Since former Vice President Joe Biden’s resounding win in South Carolina on Saturday, moderate candidates have started dropping out of the race and coalescing around him to stop Sen. Bernie Sanders’ (D-VT) socialist big government movement from taking over the Democratic party.
Before South Carolina, Sanders appeared to have firm control of the nomination. Now that the delegate count is extremely close between Biden and Sanders, the Democratic establishment appears ready to take on Sanders in a full, united front.
Where this goes – nobody knows for certain.
However, this much is certain… one-third of the delegates are up for grabs on Tuesday and it’s about to get interesting.
Moderates Circle Around Biden
On Sunday and Monday, moderate candidates Pete Buttigieg and Sen. Amy Klobuchar (D-MN) suspended their campaigns. On Monday night in Dallas, both candidates appeared on stage with Biden and announced their endorsements alongside former failed progressive presidential candidate Beto O’Rourke.

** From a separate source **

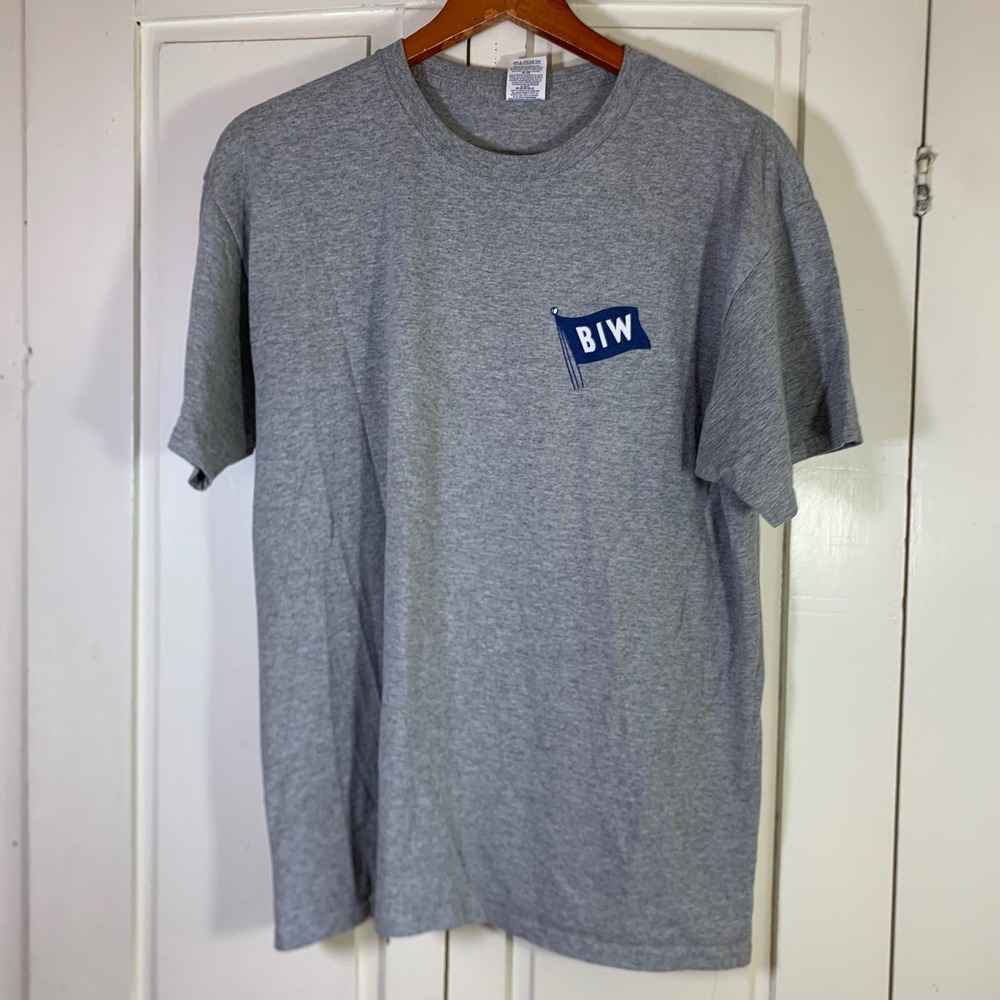 Bath Iron Works BIW Maine Navy Destroyer Graphic T-Shirt Gray Large Jerzees Mens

The urgency of the candidates to drop out and support Biden publicly demonstrates how concerned moderates and the establishment are about a Sanders nomination and the long-term implications that could have on the Democratic party.

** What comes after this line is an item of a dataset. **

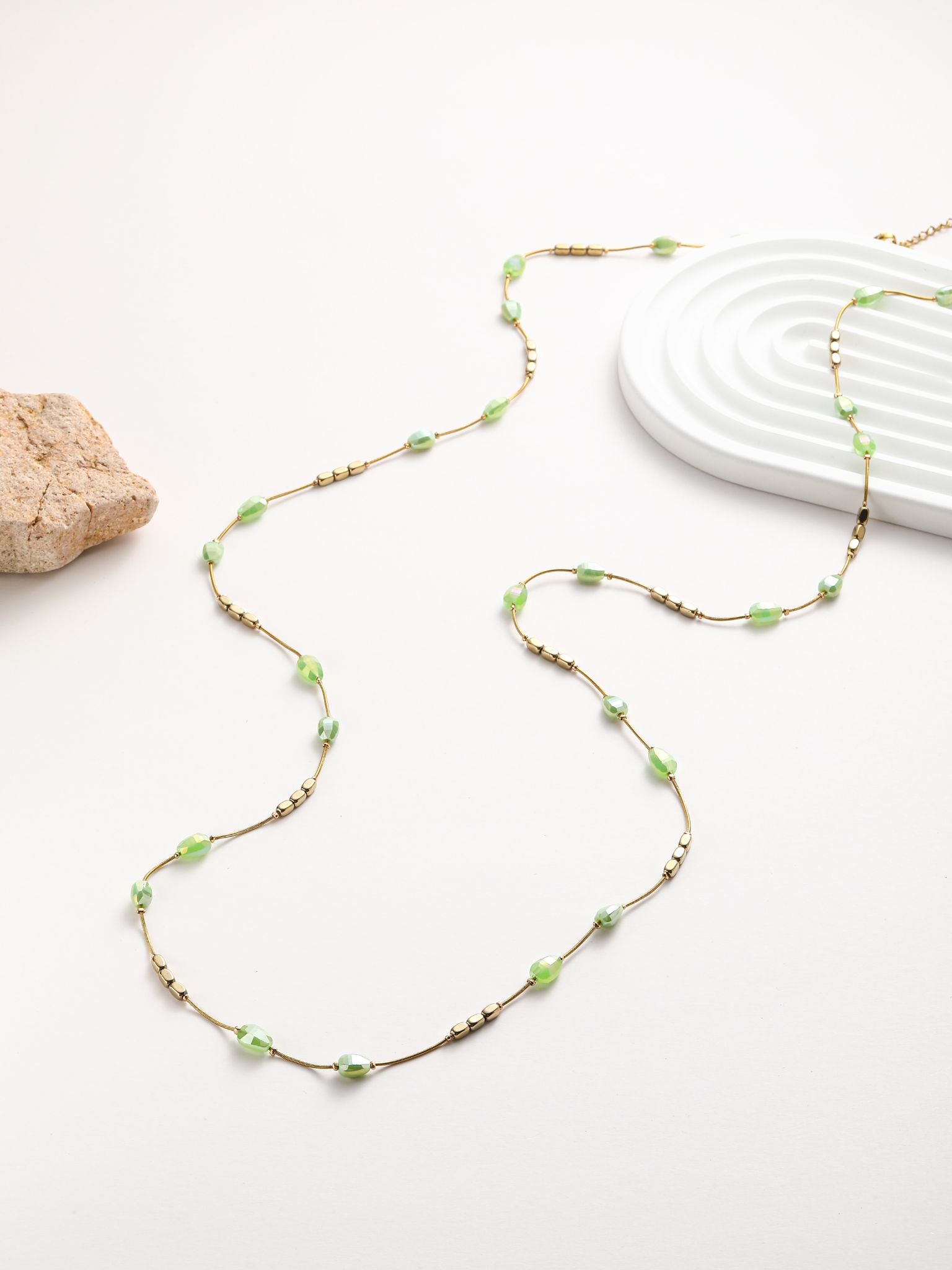 Collana a catene serpente oro con cristallo a form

Without consolidation of moderates, delegate counts would have likely split among them. This would allow Sanders to run so far ahead in the delegate count that it would be hard for a moderate to catch him.
There is also the issue of money. Individually, the moderate candidates can’t raise enough money to be competitive with Sanders’ huge fundraising advantage. However, one candidate can compete. From Saturday night through Monday, Biden’s campaign said it raised in excess of $10 million in 24 hours — the largest amount among any candidate in the 24 hours after the SC primary and more than he raised in all of January.

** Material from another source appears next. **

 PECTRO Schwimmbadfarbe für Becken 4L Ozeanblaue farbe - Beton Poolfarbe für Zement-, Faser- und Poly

Speaking at a Biden rally on Monday, Buttigieg said he was looking for a president who could bring out the best in Americans. “We have found that leader,” he said of Biden.
During an evening rally, Klobuchar called for unity. She said if the party continued to divide itself for the next four months, “we will spend the next four years watching Donald Trump.”
Biden hopes to sweep the southern states much as he did in South Carolina where he won almost 50% of the vote.
What Happens to Bloomberg and Warren?
Compared to Sanders, both Biden and Bloomberg are moderates by comparison. Bloomberg has said no matter what happens on Tuesday there are still a lot of delegates to be earned. He stated emphatically in a Fox News town hall on Monday night he will not be dropping out and that it wouldn’t be fair to his supporters and voters if he did so.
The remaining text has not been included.